Exercise brief →
Each record below should be returned word for word, with no pictures included.

··· Data records ···

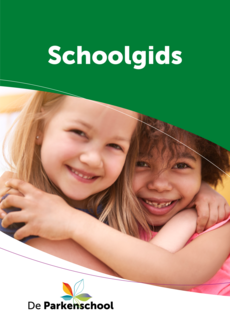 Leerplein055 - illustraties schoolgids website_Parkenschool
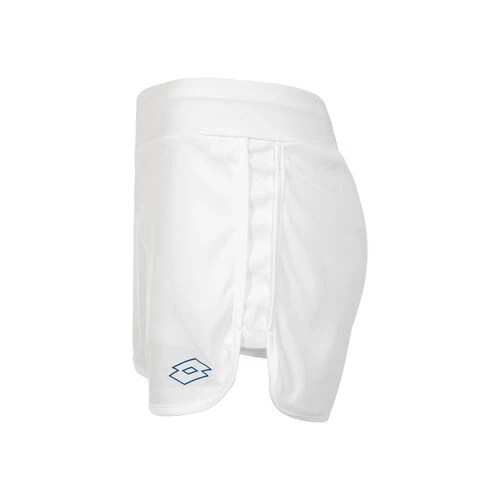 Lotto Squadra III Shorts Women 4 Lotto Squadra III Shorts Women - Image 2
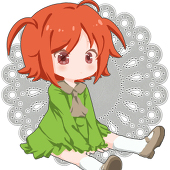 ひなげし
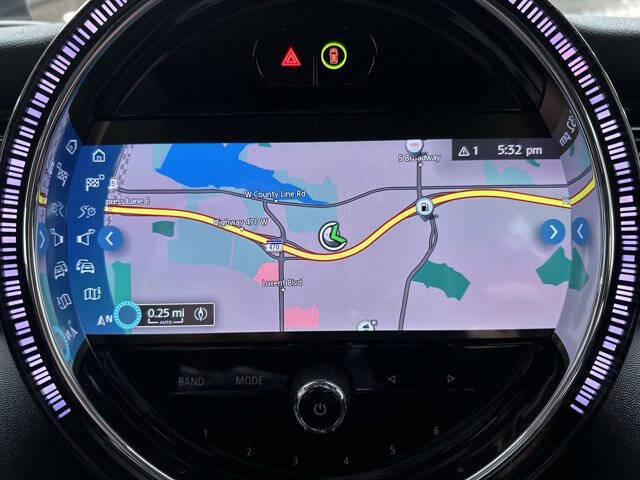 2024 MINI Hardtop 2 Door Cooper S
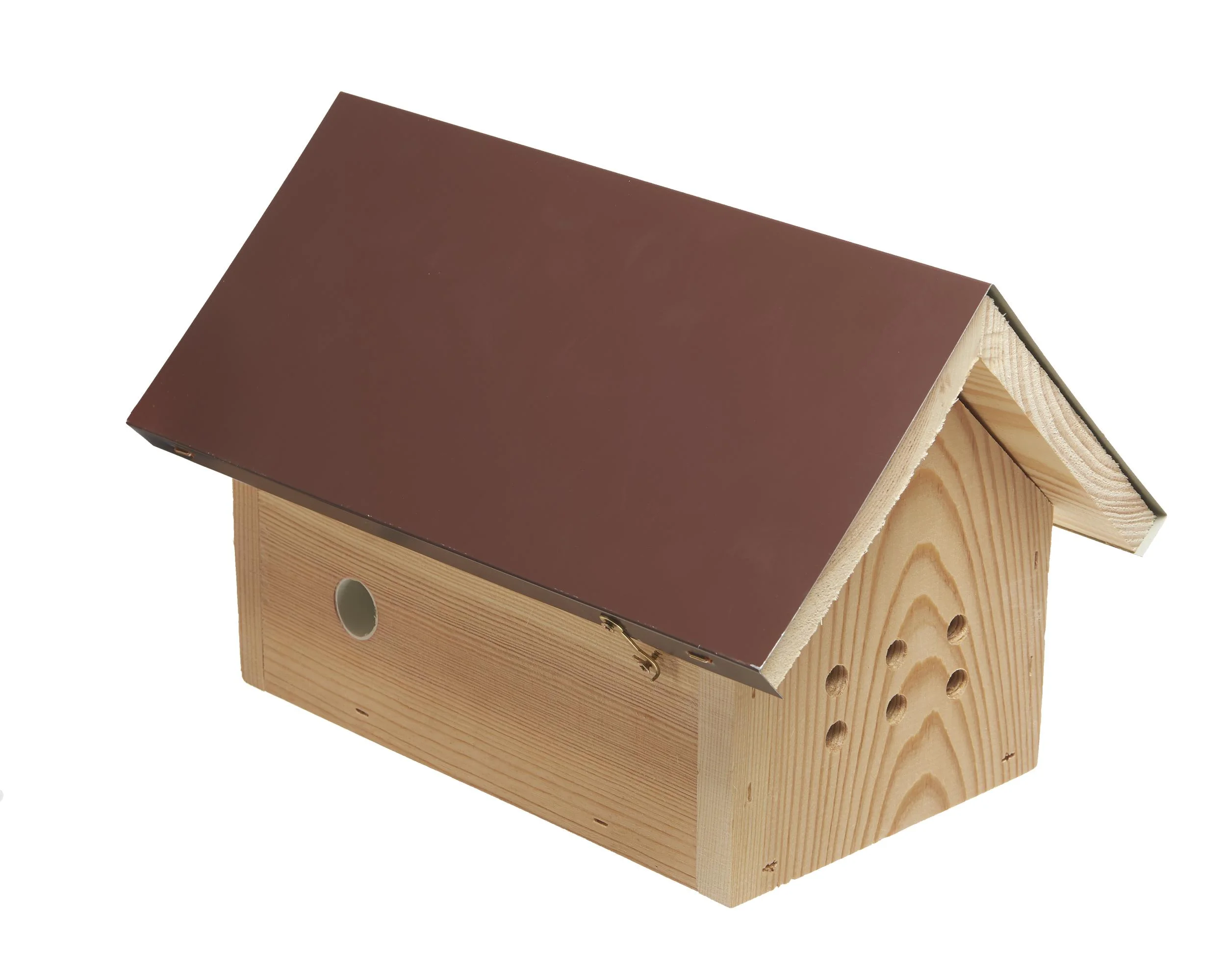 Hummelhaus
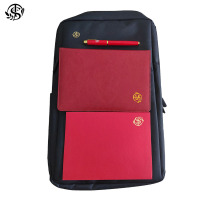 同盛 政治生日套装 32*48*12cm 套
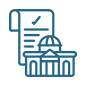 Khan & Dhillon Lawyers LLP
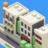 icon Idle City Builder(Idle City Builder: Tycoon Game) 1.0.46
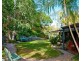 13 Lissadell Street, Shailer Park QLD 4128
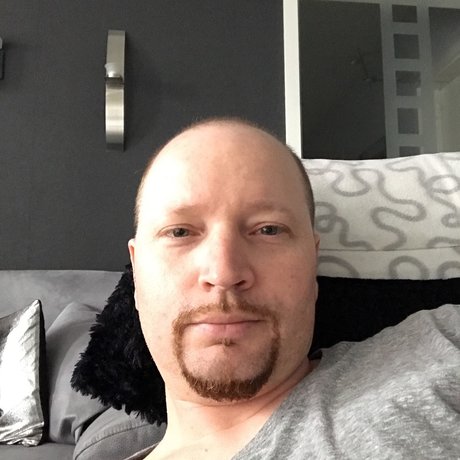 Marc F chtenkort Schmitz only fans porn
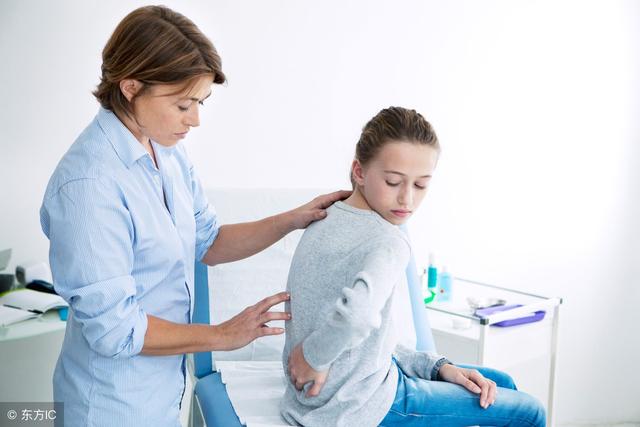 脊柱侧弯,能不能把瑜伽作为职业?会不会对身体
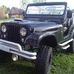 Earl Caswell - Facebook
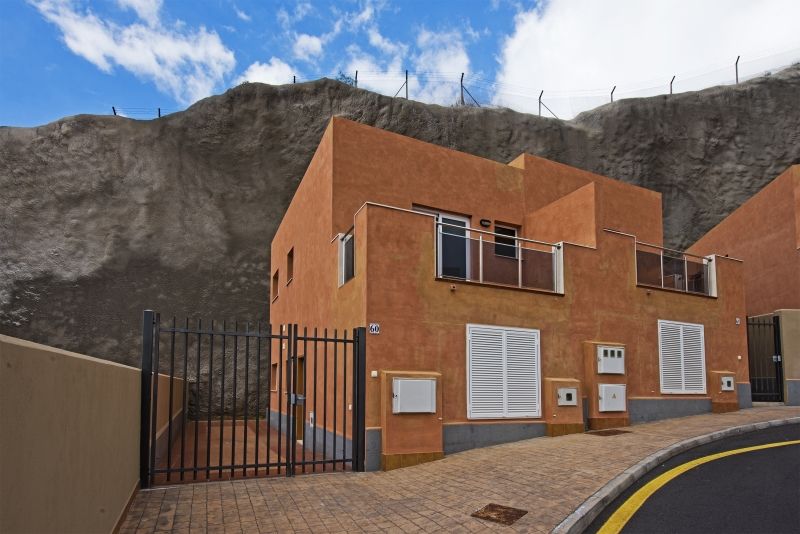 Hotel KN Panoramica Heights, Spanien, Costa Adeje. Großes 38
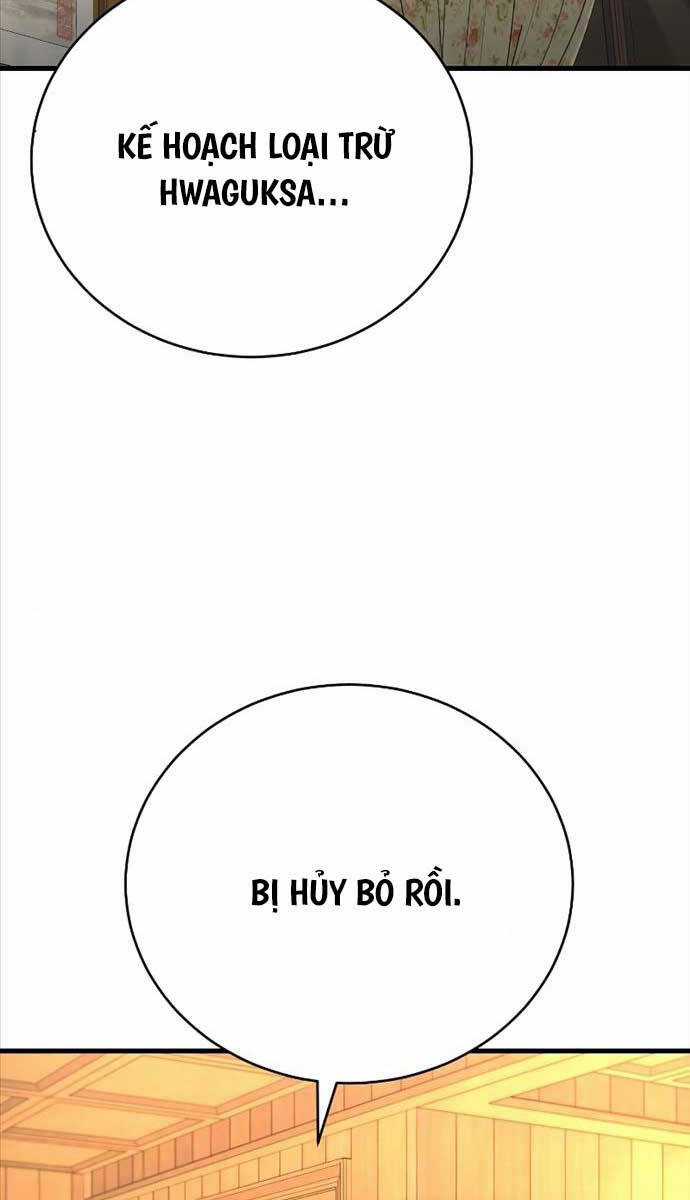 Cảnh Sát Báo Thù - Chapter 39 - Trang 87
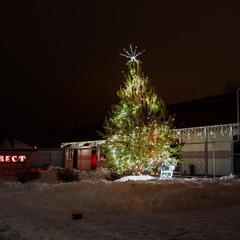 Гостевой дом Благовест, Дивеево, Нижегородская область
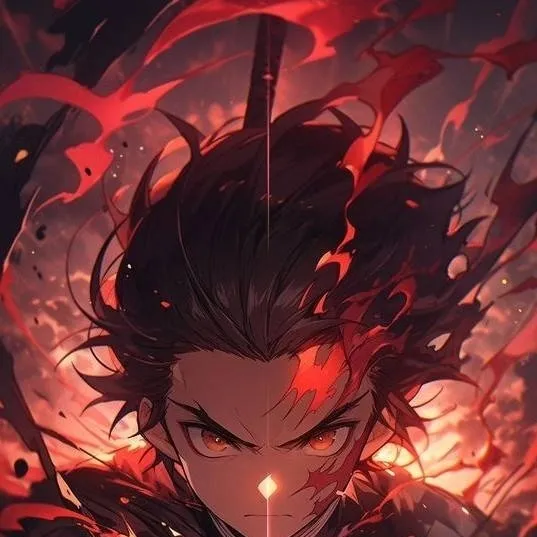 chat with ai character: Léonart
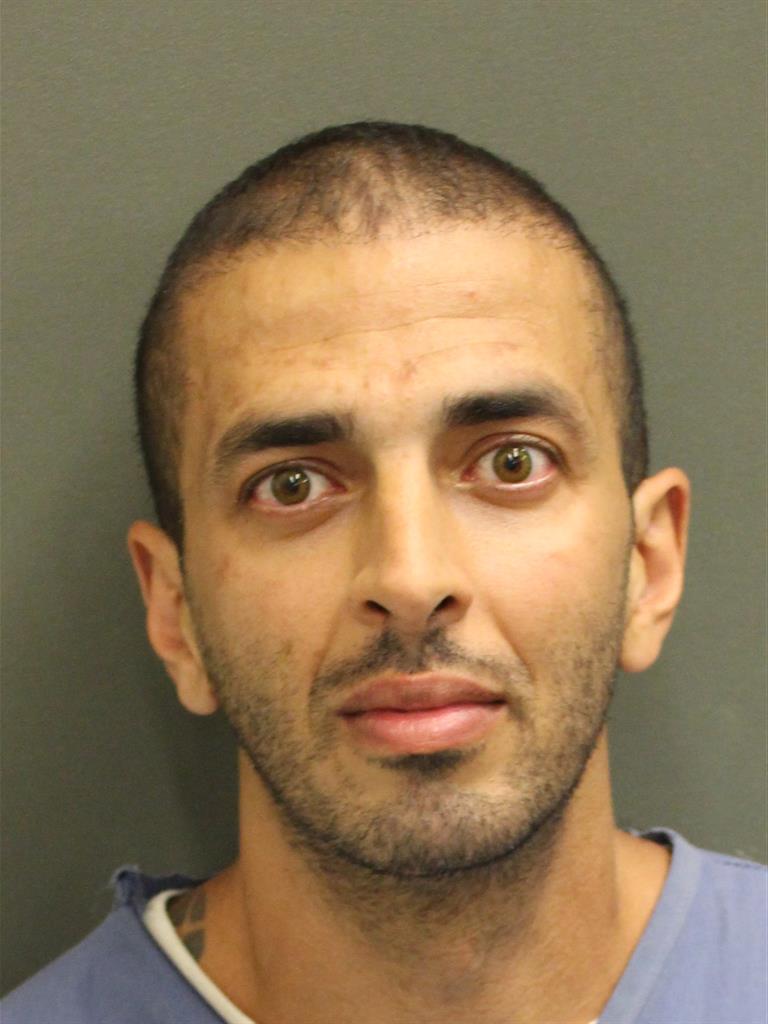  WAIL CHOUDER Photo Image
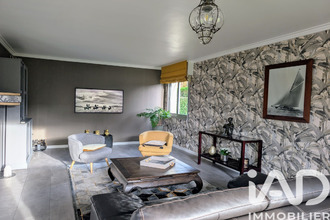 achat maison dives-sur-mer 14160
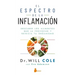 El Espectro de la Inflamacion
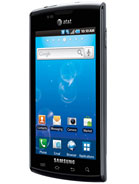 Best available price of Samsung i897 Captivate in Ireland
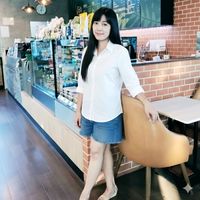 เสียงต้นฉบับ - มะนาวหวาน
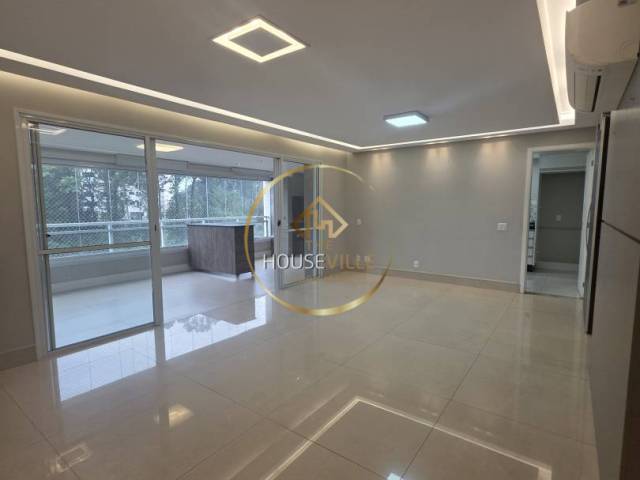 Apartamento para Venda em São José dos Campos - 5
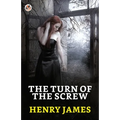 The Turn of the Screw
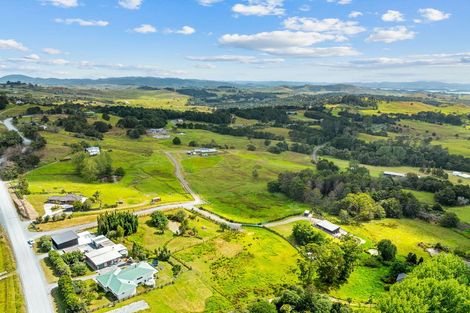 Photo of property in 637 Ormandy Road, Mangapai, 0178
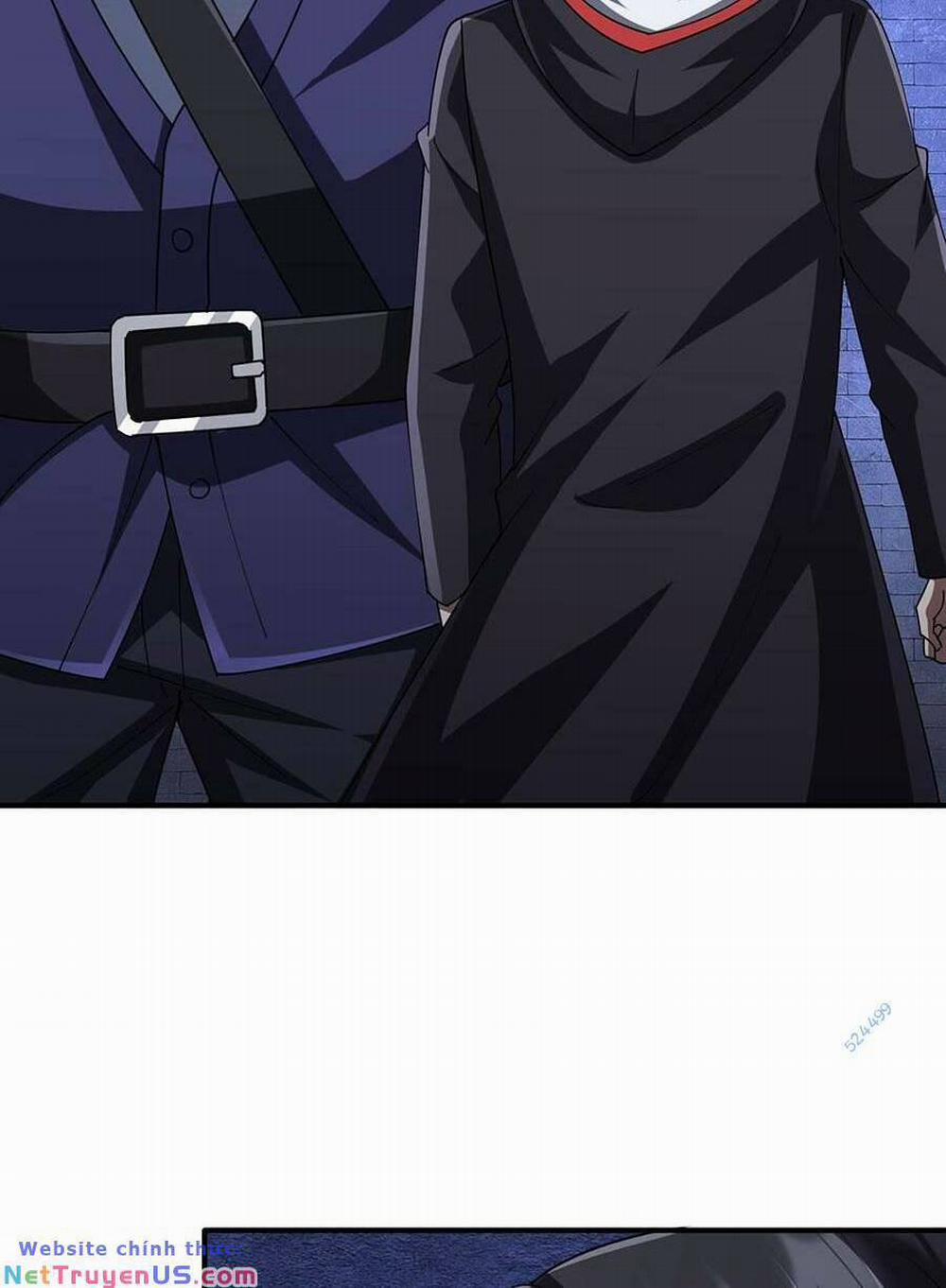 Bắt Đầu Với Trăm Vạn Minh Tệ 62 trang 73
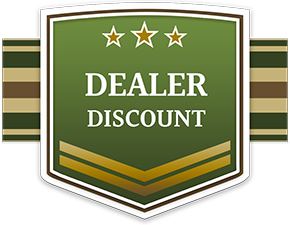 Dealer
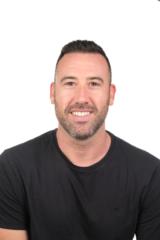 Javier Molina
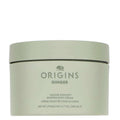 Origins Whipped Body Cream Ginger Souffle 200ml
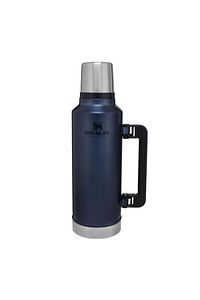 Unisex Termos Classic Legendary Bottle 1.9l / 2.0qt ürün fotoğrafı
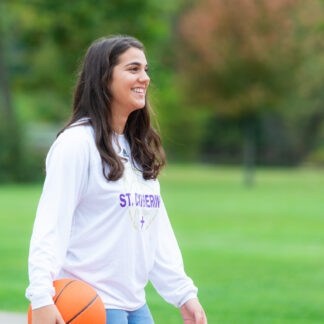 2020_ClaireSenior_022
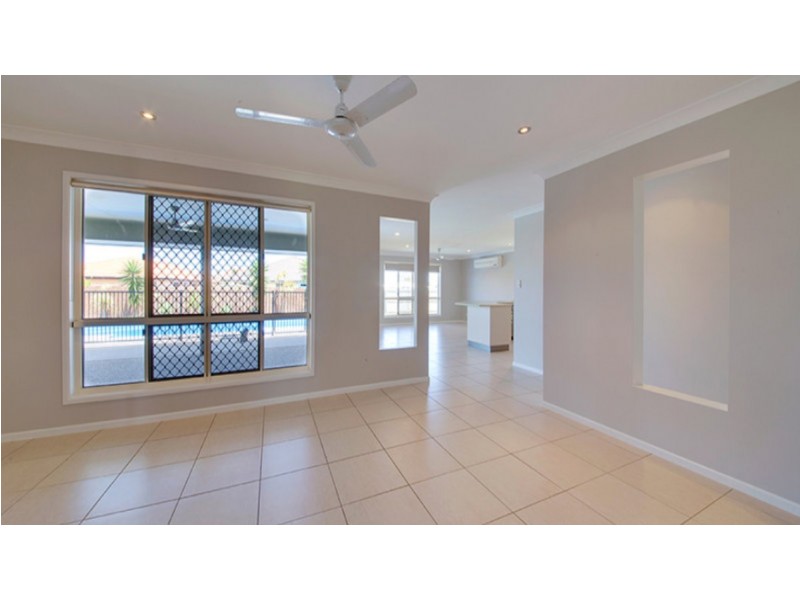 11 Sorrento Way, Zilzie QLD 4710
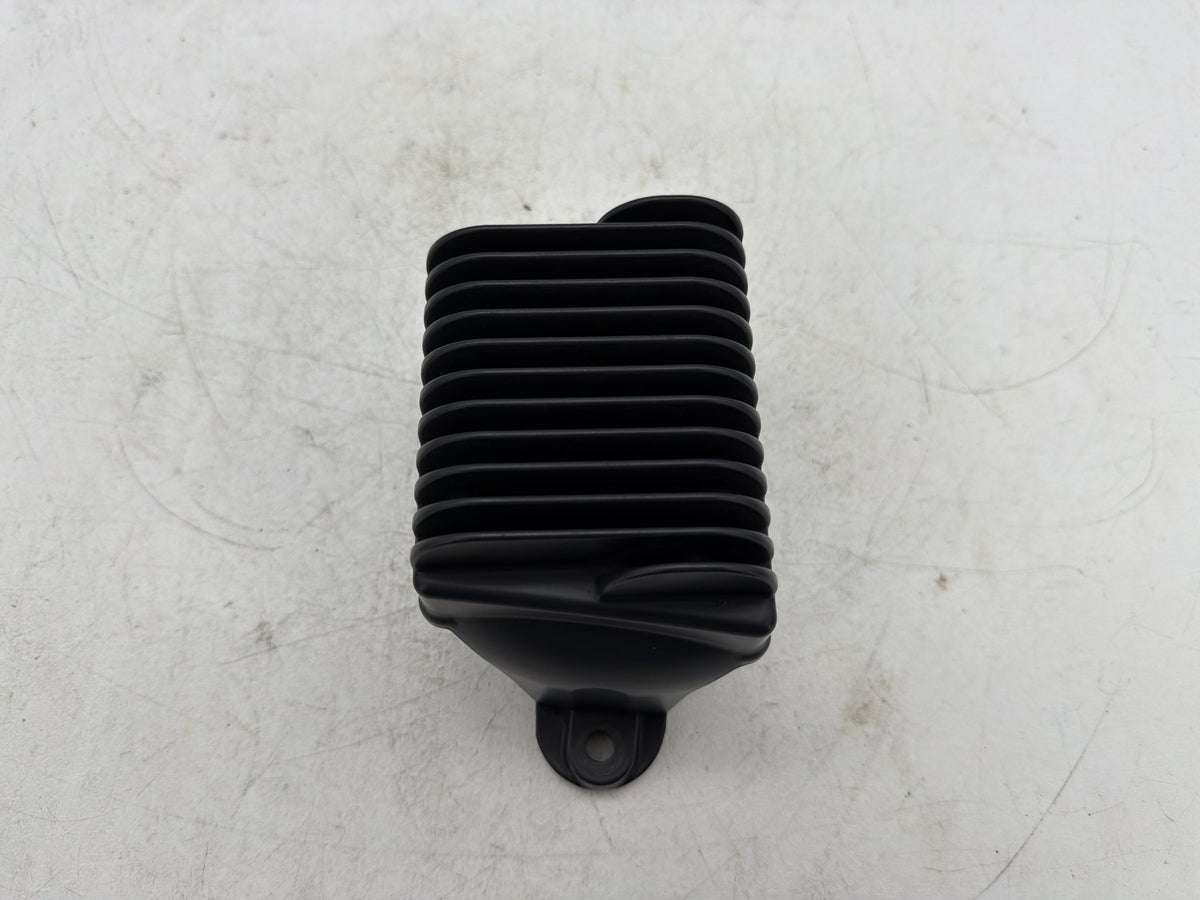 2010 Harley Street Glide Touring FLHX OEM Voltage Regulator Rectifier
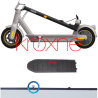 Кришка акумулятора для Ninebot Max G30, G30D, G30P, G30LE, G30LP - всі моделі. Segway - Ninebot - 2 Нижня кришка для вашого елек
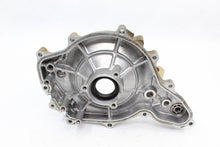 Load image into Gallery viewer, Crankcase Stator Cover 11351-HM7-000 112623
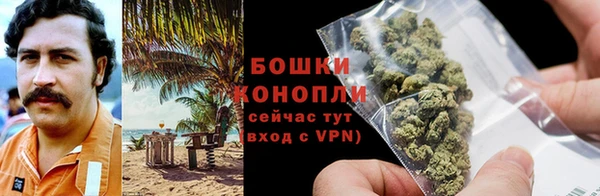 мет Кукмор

···

Solution to the problem →
 Leerplein055 - illustraties schoolgids website_Parkenschool
 Lotto Squadra III Shorts Women 4 Lotto Squadra III Shorts Women - Image 2
 ひなげし
 2024 MINI Hardtop 2 Door Cooper S
 Hummelhaus
 同盛 政治生日套装 32*48*12cm 套
 Khan & Dhillon Lawyers LLP
 icon Idle City Builder(Idle City Builder: Tycoon Game) 1.0.46
 13 Lissadell Street, Shailer Park QLD 4128
 Marc F chtenkort Schmitz only fans porn
 脊柱侧弯,能不能把瑜伽作为职业?会不会对身体
 Earl Caswell - Facebook
 Hotel KN Panoramica Heights, Spanien, Costa Adeje. Großes 38
 Cảnh Sát Báo Thù - Chapter 39 - Trang 87
 Гостевой дом Благовест, Дивеево, Нижегородская область
 chat with ai character: Léonart
  WAIL CHOUDER Photo Image
 achat maison dives-sur-mer 14160
 El Espectro de la Inflamacion
 Best available price of Samsung i897 Captivate in Ireland
 เสียงต้นฉบับ - มะนาวหวาน
 Apartamento para Venda em São José dos Campos - 5
 The Turn of the Screw
 Photo of property in 637 Ormandy Road, Mangapai, 0178
 Bắt Đầu Với Trăm Vạn Minh Tệ 62 trang 73
 Dealer
 Javier Molina
 Origins Whipped Body Cream Ginger Souffle 200ml
 Unisex Termos Classic Legendary Bottle 1.9l / 2.0qt ürün fotoğrafı
 2020_ClaireSenior_022
 11 Sorrento Way, Zilzie QLD 4710
 2010 Harley Street Glide Touring FLHX OEM Voltage Regulator Rectifier
 Кришка акумулятора для Ninebot Max G30, G30D, G30P, G30LE, G30LP - всі моделі. Segway - Ninebot - 2 Нижня кришка для вашого елек
 Load image into Gallery viewer, Crankcase Stator Cover 11351-HM7-000 112623
 мет Кукмор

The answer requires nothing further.